4.3 The Method of the Most Probable Distribution

Huang, Statistical Mechanics 2ed, Section 4.3

Where does the Boltzmann factor actually come from?

In Section 4.2 we derived the Maxwell-Boltzmann distribution from collisions. Clever, but it felt a bit... specific. Like, we used the Boltzmann transport equation, we talked about scattering cross sections, we assumed a dilute gas. It worked. But it left me wondering: is the Boltzmann factor \(e^{-\epsilon/k_BT}\) some deep truth about nature, or just a quirk of dilute gases?

Spoiler: it's a deep truth. And this section proves it using nothing but counting.

No collisions. No transport equations. No gas-specific assumptions. Just: "how many ways can you arrange \(N\) molecules across energy levels?" Maximize that number. Out pops the Boltzmann factor. Every time.

That's crazy. Let's see why.

Why should you care?

Because every time your simulation samples a configuration, it's doing this calculation implicitly.

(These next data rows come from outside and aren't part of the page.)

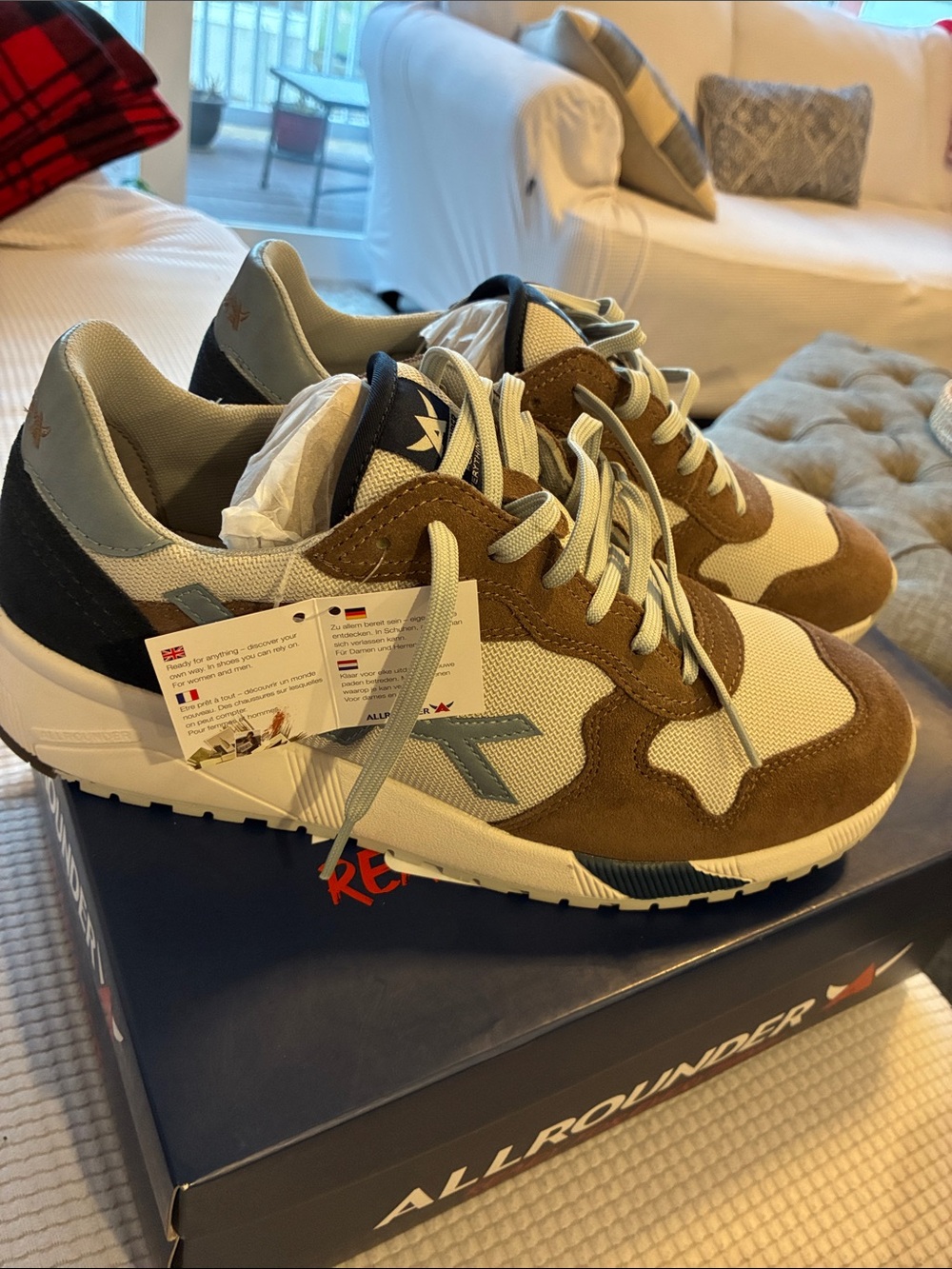 Mephisto Brown, White & Blue Suede-Trim Sneakers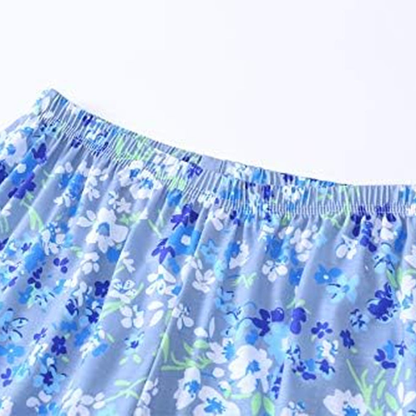 Women’s Plus Size Capri Pajama Set – Short Sleeve V-Neck Top & Floral Print Pants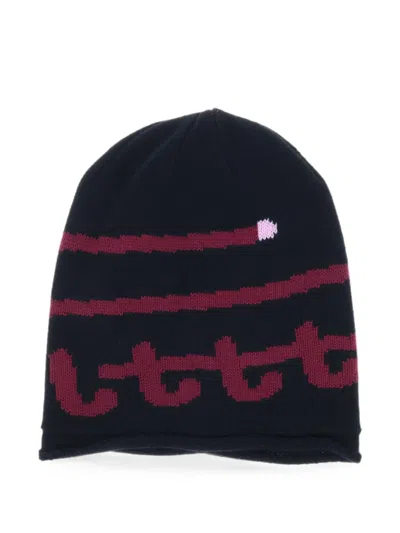 Litt' Swirl Knit Cotton Beanie In Black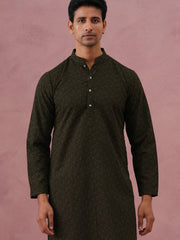 Traditional Cotton Blend Embroidered Kurta Pyjama ( 65KP P 5334 P 5334Olive ) [FF] [F-1-2-3-4]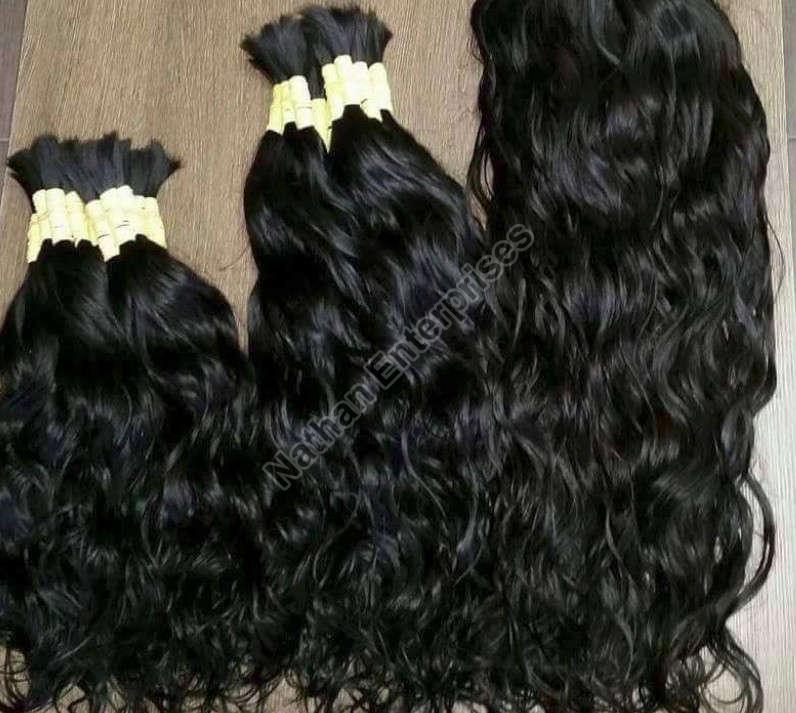 Black Virgin Remy Wavy Hair, for Parlour, Personal, Gender : Female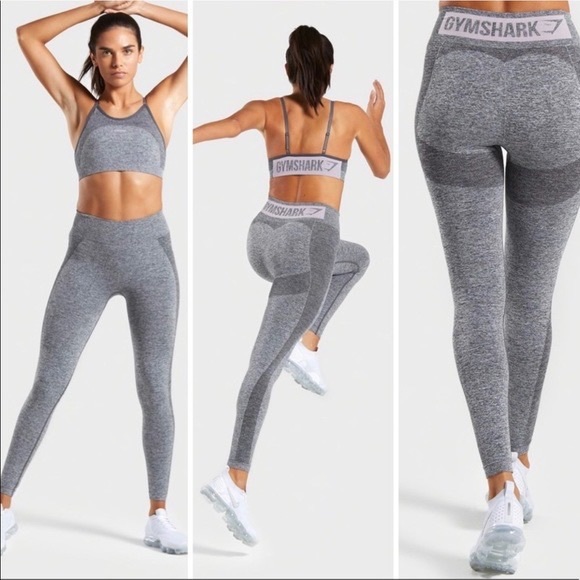 Gymshark Flex High Waisted Leggings - Grey/Pink - Picture 2 of 3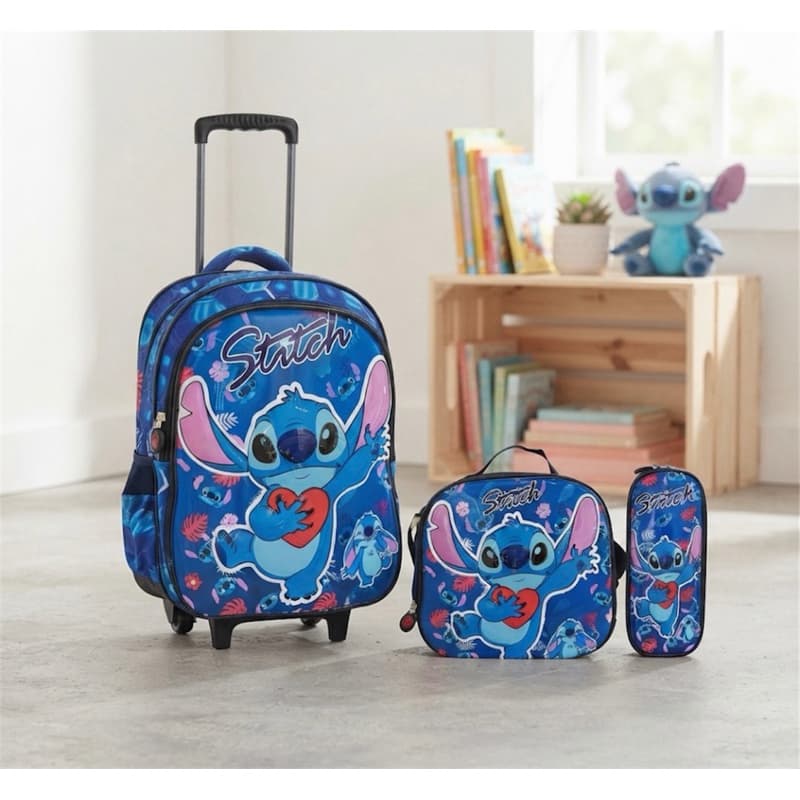Kit Mochila Stitch Rodinha Escolar Infantil Azul Bolsa Grande Térmica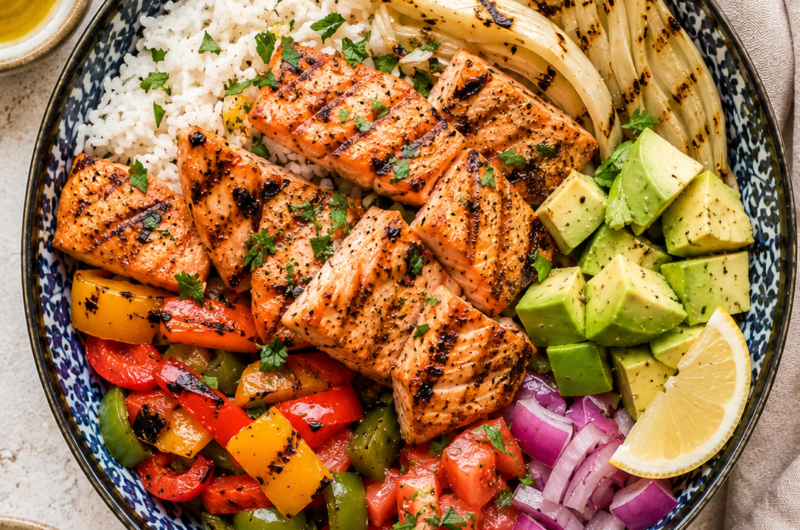 Mediterranean Grilled Salmon Bowl with Grilled Fennel and Avocado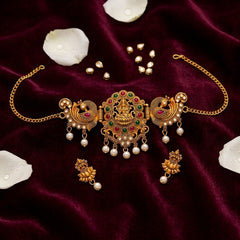 Antique Gold-Plated Laxmi and Peacock Choker Set
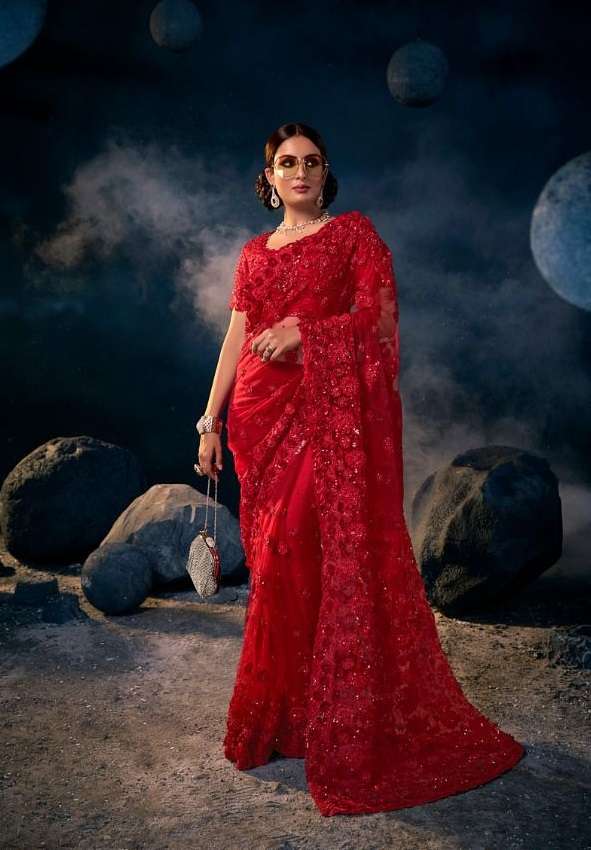 MN PRESENTS SWAROVSKI VOL-4 6307 DESIGN RED DIGITAL NET EMBROIDERED SAREES COLLECTION AT WHOLESALE RATES N829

Your NVT thermostat doesn't know about collisions or transport equations. It knows about states and weights. The Boltzmann factor \(e^{-\epsilon/k_BT}\) is the weight. This section shows you where that weight comes from: it's the arrangement that nature overwhelmingly prefers, simply because there are astronomically more ways to realize it than any alternative.

That's not a metaphor. It's literally counting.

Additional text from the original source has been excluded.